Errol, who runs N16 Flowers and The Green Room Café with his wife Oya, was born and raised here – he grew up in a four-storey Victorian House which stood where the fire station on Stoke Newington Church Street stands now.
He went to William Patten Primary School in the days when boys and girls were segregated (the girls’ playground was on the roof) and when children got the cane.
His father Ibrahim, who immigrated from Cyprus in 1949, was a cabinet maker and sold furniture from his shop at 86 Church Street (next to Olive Loves Alfie). Errol went on to pursue a career in printing until the 90s when in the midst of the crash the stress of having to make redundancies became too much.
(Green Room Cafe and N16 Flowers)
He said: “I owned a shop on Church Street which I rented out to a florist – when they decided to call it a day I took it over. I’d never been planning to run a flower shop but it has been good. People who buy flowers are nice people – you don’t get stressed working with flowers.
“We opened the café two years ago and it’s going well – it’s hard work and we’re always trying to improve. If I had one wish it would be that people forget about their phones and enjoy each other’s company.”
"People who buy flowers are nice people
– you don’t get stressed working with flowers."
Asked about the changes Stoke Newington has seen in his lifetime, Errol replied: “Church Street has changed dramatically but one thing it has never lost is its community spirit; it had it when it was a real blue-collar worker area and has it still now that it’s very middle class. The reason for that is because we have small, independent shops which work well off residential streets.

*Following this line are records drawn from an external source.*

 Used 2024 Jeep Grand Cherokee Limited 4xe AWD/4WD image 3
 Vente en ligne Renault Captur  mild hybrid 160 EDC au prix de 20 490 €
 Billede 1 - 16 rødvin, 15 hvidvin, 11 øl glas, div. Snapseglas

“People walk around and meet their local shopkeepers, and in turn we shopkeepers notice if someone is not on the street who usually would be. We are the old-fashioned Whats-app; we know what’s happening on the street and if Mrs Jones doesn’t buy her morning paper one day, we start asking around and we check on her.

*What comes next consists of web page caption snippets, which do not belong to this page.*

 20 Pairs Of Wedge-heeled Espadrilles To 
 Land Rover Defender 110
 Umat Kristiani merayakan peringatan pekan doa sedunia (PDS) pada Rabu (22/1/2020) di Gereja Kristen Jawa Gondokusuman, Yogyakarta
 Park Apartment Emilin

“There is still a lot of crime here – it’s hidden with all the good façade we’ve got but there are dark sides to Stoke Newington. It was incredibly dark in the 80s though and even when my Dad was here in the 50s the big gangs were around – if you went out in the evening there’s no way a taxi driver would agree to bring you back.”

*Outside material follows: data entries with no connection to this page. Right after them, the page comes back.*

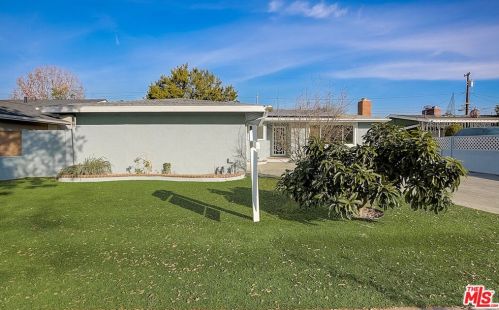 2661 Yale Ave, Anaheim CA  92801-4895 exterior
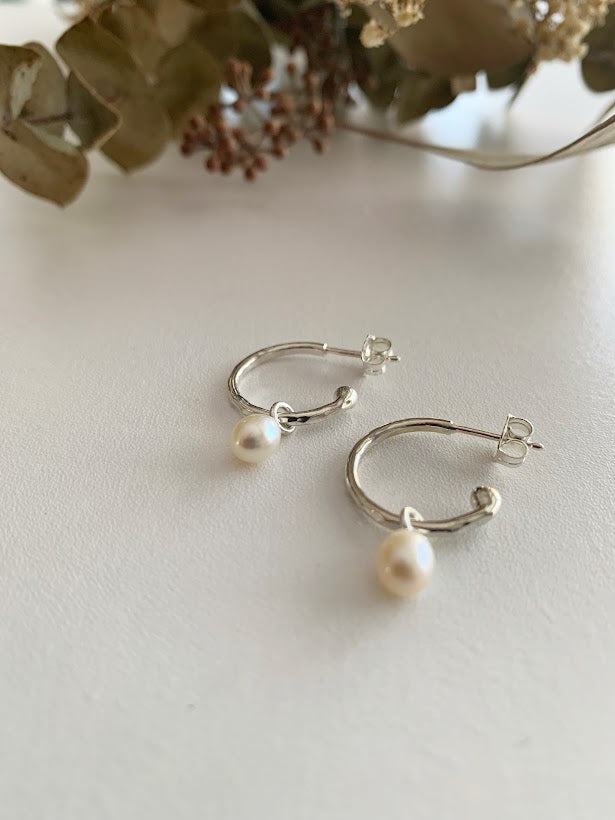 Anneaux avec perles blanches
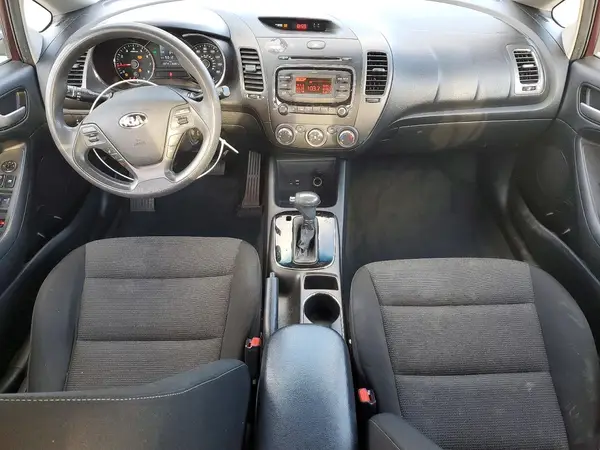 3KPFK4A78HE065799 2017 KIA FORTE - Image 8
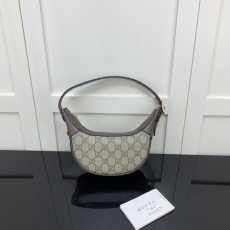 Gucci Hobo Bags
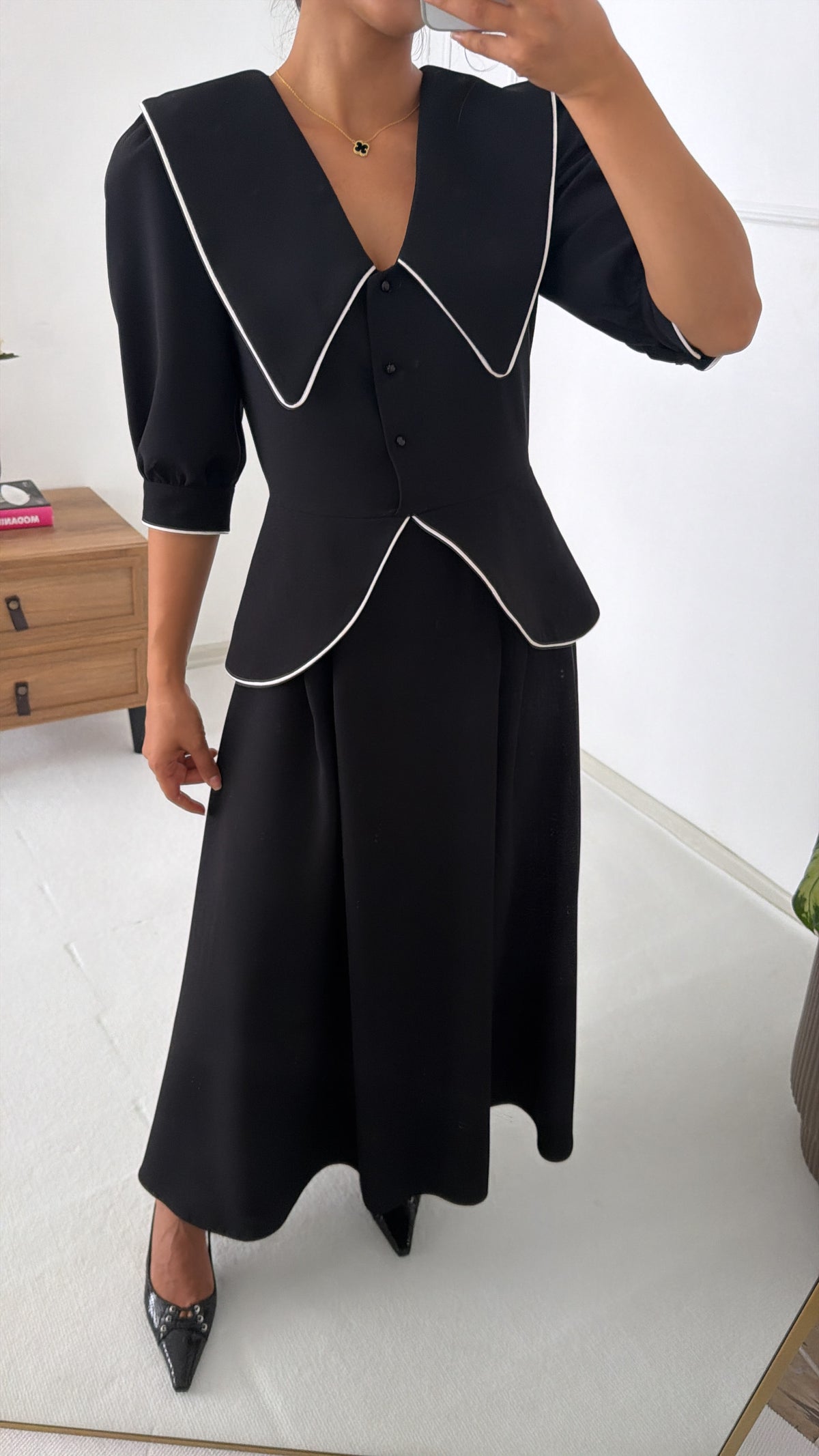 Madam Vera Elbise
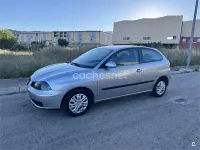 Usado Seat Ibiza Stella 75 CV (55 kW) 2002 Gris / plata Utilitario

Errol met Oya at a friend’s house and they married in 1984. They have two children aged in their 20s, one of whom is a pastry chef at the Ritz and the other qualified as a barrister and now works as a teacher. In her earlier career Oya worked as a hairdresser and studied catering at college.
N16 Flowers and The Green Room Café are among the dozens of independent businesses offering discounts to members of the Local Buyers Club. The Club, which includes a discount card, encourages people to live locally, whilst saving customers money.